In December of my junior year, I accepted an internship as the FYP Intern. However, days before I received that decision, I was invited to a first round interview for another internship. After some reflection, I realized that the FYP Internship was more up my alley and what I needed at that point. I respectfully emailed the second recruiter that I had accepted another internship offer as soon as the decision was made. But I noted that I was still interested in the company and would like to keep in touch regarding future opportunities.

This point also goes for competing offers. If you decide to accept one offer while another is on the table, you can politely tell the recruiter that you have accepted another offer, but that you are interested in the company and would like to look into future opportunities.

My takeaway from this experience is to keep every door open even if it is not useful right now. An example is this interview I turned down. I ended up applying and accepting a full time job offer from that company as a senior! It is important to keep all connections and doors open because you don’t know when they will come in handy.

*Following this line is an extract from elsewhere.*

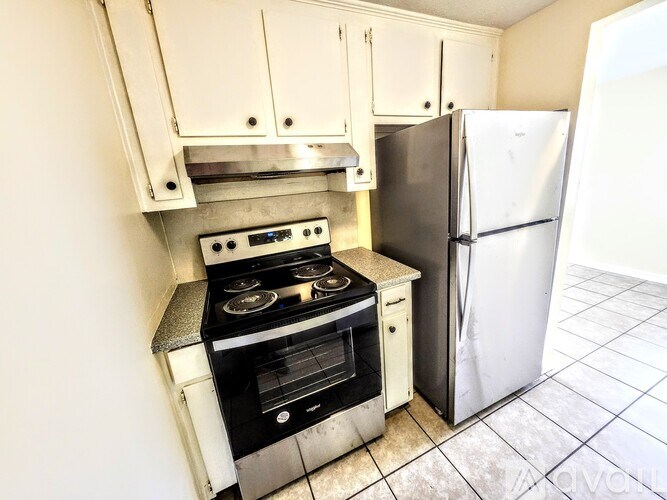 A kitchen with a stove and refrigerator.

Instance 3: Following Up on Late Notices

During my senior year, as I was actively recruiting for full time jobs, I had scored a first round interview at a company I thought was perfect for me. During my first interview, they explained that the next round was the following week and they should notify me on the Monday beforehand. However, Monday had come and gone without any notification. At this point, I wanted to get the rejection email over playing the waiting game. So I reached out to the recruiter, noting when my first round interview was and that I was still waiting for the second round decision. A day later, I was given the news that they would not move forward with my application. While I was disappointed, I felt more relief when I knew the outcome rather than waiting.

Another time I followed-up was when I submitted an online application and did not hear from the company for several weeks. I emailed the recruiter when I had submitted an application and when I would know about the recruitment process. Some got back to me, saying that my application was one of their first and that they won’t interview me until a few weeks later. Others sent a generic rejection email, but at least I knew and I could move on.

The lesson here is that it is OK to follow-up with your recruiter, especially if they take too long to send an update. Recruiters may have many applicants for several different positions, so juggling all of these applicants could leave others to fall through the cracks, especially if they either don’t think they will actually extend an offer to you or are disorganized (it is fairly obvious to notice the difference).

Final Reflections

Recruiters are people too. They make mistakes, take too long, and can be unclear. As someone who has recruiting experience, there were countless times where I had a typo in the applicant’s email address or sent an email to the wrong person, and my applicant pool was probably nothing compared to large firms. It can get messy quickly. So let your recruiter know if anything comes up, whether you accepted another offer or simply waited for more than two weeks. They will appreciate your outreach and answer your questions before you get upset.